As summer approaches, more and more people books days out of their weekends to escape the city and find adventure on whatever forested slopes they can get to. For many people, a hike is a casual affair — a day trip involving a few snacks, maybe a bottle of water, and perhaps a backpack. Some people wear hiking boots. Others wear running shoes, or perhaps even flip flops. A lot of people hike as a social event. It’s a chance to catch up with your friends while also getting exercise and fresh air. There’s hardly anything more wonderful than a good summit on a clear day.
Because so many people treat hiking with such a cavalier attitude, it can become a much more risky outing than it seems.
Hiking with friends is always a good idea. In the case of emergency, safety is found in numbers.
- Wild animals are less likely to bother you.
- It’s easier to stay warm, in a group.
- Mentally, company is good for moral support. And two or three heads are better than one.
You may have only planned to be out hiking for a few hours, but if you get lost, or someone injures themselves, you could end up being on the mountain for much longer than anticipated. This is why it pays to be prepared.
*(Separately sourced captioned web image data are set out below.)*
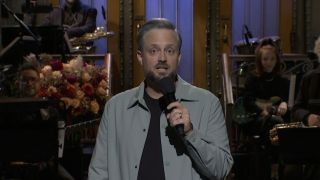 Nate Bargatze performing stand-up at Studio 8H for his second episode hosting SNL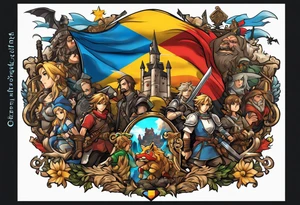 A video game scene encased in the flag of Germany and North Carolina surrounded by characters from Zelda, Final Fantasy 8, and Howel's Moving Castle. tattoo idea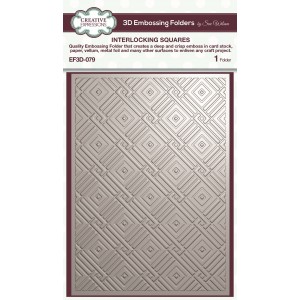 Creative Expressions - Interlocking Squares 5 in x 7 in 3D Embossing Folder - EF3D-079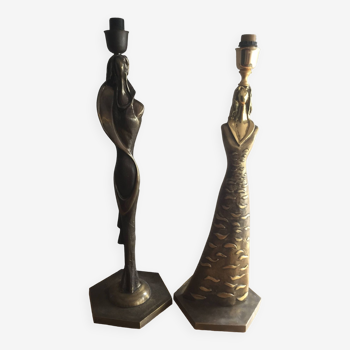 Paire de lampes en bronze et palmier Giuliano Ottaviani, 1990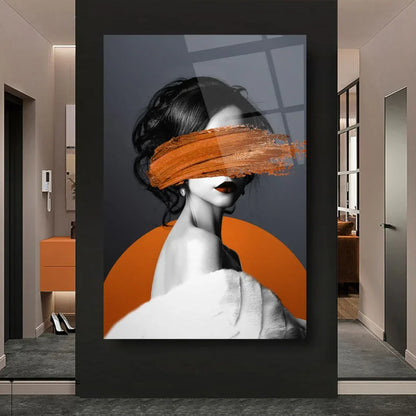 Woman in Orange Glass Wall Art - LUXARTDECO
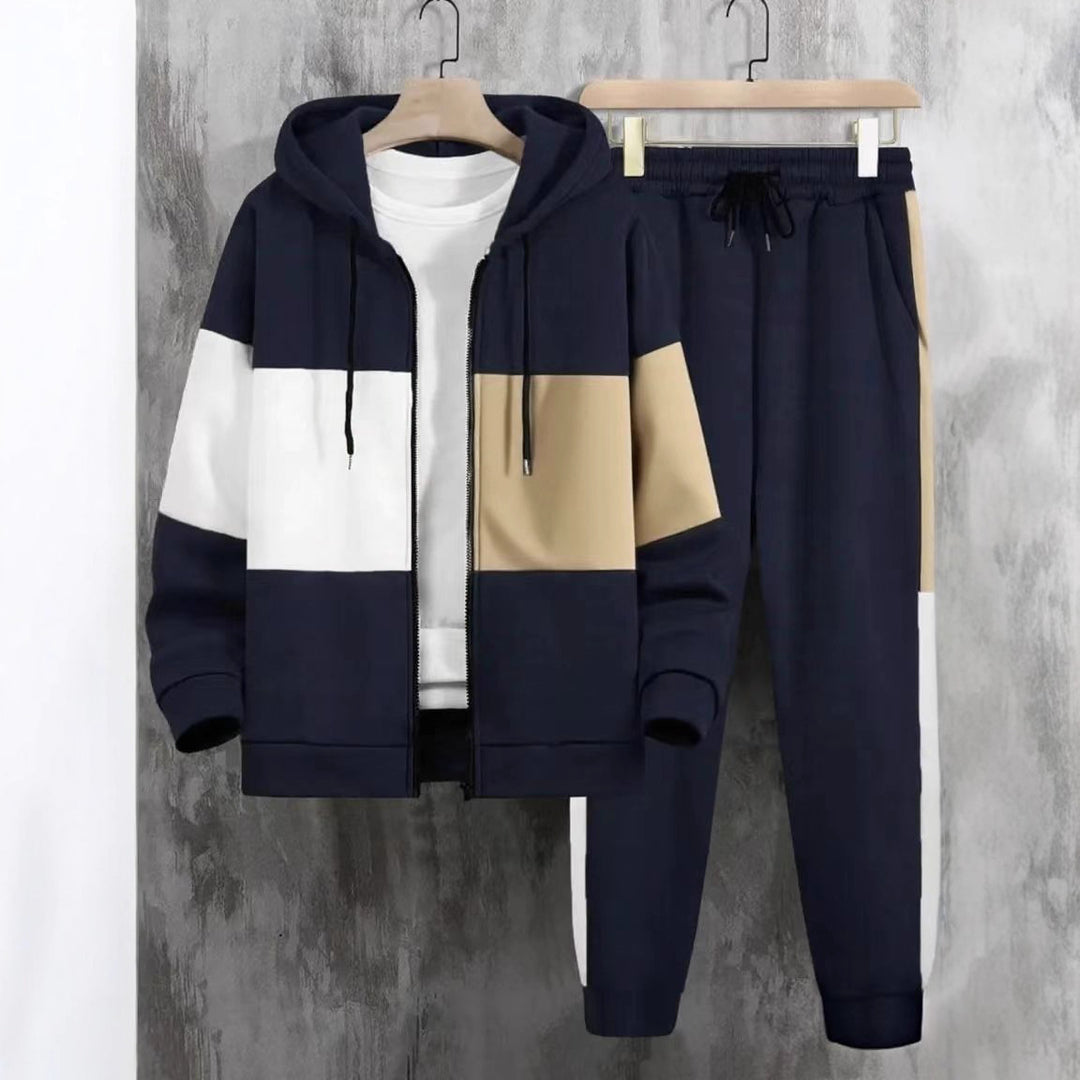 Herren Sportliches Freizeitanzug-Set mit kontrastierenden Farbpaneln und praktischen Taschen Echoarchiv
No matter how short your hike is supposed to be, it’s always a good idea to be prepared to spend the night outside. Here are some suggestions:
- Even if it’s a hot day, bring warm layers.
- Bring more water than you think you’ll need.
- Darkness may fall faster than you think. Bring a flashlight.
- Tell someone where you’re going.
- Bring a cellphone, and make sure it’s fully charged before you leave home.
- Bring extra, light-weight food such as our new Soldier Fuel Energy Bars.
- Wear gripped, supportive, close-toed shoes!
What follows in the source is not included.